● WHAT YOU NEED TO DO: Reproduce, word for word, every line starting at the line that contains "City leather handbag" and ending with the final line of the entries.

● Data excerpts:
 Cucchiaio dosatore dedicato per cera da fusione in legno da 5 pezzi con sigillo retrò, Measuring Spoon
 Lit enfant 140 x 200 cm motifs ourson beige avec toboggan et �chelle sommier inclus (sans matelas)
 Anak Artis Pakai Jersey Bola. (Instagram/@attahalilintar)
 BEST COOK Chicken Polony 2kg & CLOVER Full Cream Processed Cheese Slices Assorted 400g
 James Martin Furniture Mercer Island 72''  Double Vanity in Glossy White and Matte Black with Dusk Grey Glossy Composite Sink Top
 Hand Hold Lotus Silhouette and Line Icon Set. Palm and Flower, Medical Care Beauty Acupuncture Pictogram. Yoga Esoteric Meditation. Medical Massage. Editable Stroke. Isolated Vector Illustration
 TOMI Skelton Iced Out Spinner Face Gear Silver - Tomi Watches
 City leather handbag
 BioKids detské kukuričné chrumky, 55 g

● WRITTEN ANSWER:
 City leather handbag
 BioKids detské kukuričné chrumky, 55 g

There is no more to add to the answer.